### Supplied records
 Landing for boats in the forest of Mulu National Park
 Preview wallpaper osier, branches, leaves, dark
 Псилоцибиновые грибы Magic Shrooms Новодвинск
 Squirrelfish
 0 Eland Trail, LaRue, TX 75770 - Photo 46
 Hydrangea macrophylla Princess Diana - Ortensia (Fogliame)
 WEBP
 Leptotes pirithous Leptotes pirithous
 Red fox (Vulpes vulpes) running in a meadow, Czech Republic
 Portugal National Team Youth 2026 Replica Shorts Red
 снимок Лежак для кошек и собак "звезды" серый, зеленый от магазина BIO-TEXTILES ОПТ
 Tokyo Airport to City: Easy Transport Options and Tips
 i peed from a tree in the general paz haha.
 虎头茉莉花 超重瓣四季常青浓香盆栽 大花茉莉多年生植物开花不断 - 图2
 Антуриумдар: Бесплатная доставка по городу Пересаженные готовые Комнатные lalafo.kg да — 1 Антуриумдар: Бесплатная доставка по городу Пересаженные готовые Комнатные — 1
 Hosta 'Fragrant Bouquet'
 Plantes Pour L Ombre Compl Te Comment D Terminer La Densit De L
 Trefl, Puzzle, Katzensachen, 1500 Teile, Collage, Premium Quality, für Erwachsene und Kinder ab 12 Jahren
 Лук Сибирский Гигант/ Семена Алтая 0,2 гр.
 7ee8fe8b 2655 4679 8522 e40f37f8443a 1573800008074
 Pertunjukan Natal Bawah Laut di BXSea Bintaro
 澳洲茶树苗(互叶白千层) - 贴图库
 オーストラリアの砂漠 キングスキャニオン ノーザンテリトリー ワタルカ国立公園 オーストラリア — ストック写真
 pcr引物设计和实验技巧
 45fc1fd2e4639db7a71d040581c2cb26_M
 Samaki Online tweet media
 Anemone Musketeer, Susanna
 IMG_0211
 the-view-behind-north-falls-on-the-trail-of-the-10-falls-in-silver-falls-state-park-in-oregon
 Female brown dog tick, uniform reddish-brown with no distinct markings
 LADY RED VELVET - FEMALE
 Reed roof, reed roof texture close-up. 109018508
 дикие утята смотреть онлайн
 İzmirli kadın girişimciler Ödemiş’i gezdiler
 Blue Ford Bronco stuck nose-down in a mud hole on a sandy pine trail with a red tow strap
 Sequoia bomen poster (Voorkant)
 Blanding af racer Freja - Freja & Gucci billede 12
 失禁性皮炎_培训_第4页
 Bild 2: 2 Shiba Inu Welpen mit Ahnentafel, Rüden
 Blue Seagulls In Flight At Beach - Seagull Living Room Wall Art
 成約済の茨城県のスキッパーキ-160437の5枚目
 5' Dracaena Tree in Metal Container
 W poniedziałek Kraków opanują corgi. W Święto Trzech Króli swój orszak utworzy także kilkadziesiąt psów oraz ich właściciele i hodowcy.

### What this task involves
Write out the entire listing so that each line matches the original exactly.

### Answer box
 Landing for boats in the forest of Mulu National Park
 Preview wallpaper osier, branches, leaves, dark
 Псилоцибиновые грибы Magic Shrooms Новодвинск
 Squirrelfish
 0 Eland Trail, LaRue, TX 75770 - Photo 46
 Hydrangea macrophylla Princess Diana - Ortensia (Fogliame)
 WEBP
 Leptotes pirithous Leptotes pirithous
 Red fox (Vulpes vulpes) running in a meadow, Czech Republic
 Portugal National Team Youth 2026 Replica Shorts Red
 снимок Лежак для кошек и собак "звезды" серый, зеленый от магазина BIO-TEXTILES ОПТ
 Tokyo Airport to City: Easy Transport Options and Tips
 i peed from a tree in the general paz haha.
 虎头茉莉花 超重瓣四季常青浓香盆栽 大花茉莉多年生植物开花不断 - 图2
 Антуриумдар: Бесплатная доставка по городу Пересаженные готовые Комнатные lalafo.kg да — 1 Антуриумдар: Бесплатная доставка по городу Пересаженные готовые Комнатные — 1
 Hosta 'Fragrant Bouquet'
 Plantes Pour L Ombre Compl Te Comment D Terminer La Densit De L
 Trefl, Puzzle, Katzensachen, 1500 Teile, Collage, Premium Quality, für Erwachsene und Kinder ab 12 Jahren
 Лук Сибирский Гигант/ Семена Алтая 0,2 гр.
 7ee8fe8b 2655 4679 8522 e40f37f8443a 1573800008074
 Pertunjukan Natal Bawah Laut di BXSea Bintaro
 澳洲茶树苗(互叶白千层) - 贴图库
 オーストラリアの砂漠 キングスキャニオン ノーザンテリトリー ワタルカ国立公園 オーストラリア — ストック写真
 pcr引物设计和实验技巧
 45fc1fd2e4639db7a71d040581c2cb26_M
 Samaki Online tweet media
 Anemone Musketeer, Susanna
 IMG_0211
 the-view-behind-north-falls-on-the-trail-of-the-10-falls-in-silver-falls-state-park-in-oregon
 Female brown dog tick, uniform reddish-brown with no distinct markings
 LADY RED VELVET - FEMALE
 Reed roof, reed roof texture close-up. 109018508
 дикие утята смотреть онлайн
 İzmirli kadın girişimciler Ödemiş’i gezdiler
 Blue Ford Bronco stuck nose-down in a mud hole on a sandy pine trail with a red tow strap
 Sequoia bomen poster (Voorkant)
 Blanding af racer Freja - Freja & Gucci billede 12
 失禁性皮炎_培训_第4页
 Bild 2: 2 Shiba Inu Welpen mit Ahnentafel, Rüden
 Blue Seagulls In Flight At Beach - Seagull Living Room Wall Art
 成約済の茨城県のスキッパーキ-160437の5枚目
 5' Dracaena Tree in Metal Container
 W poniedziałek Kraków opanują corgi. W Święto Trzech Króli swój orszak utworzy także kilkadziesiąt psów oraz ich właściciele i hodowcy.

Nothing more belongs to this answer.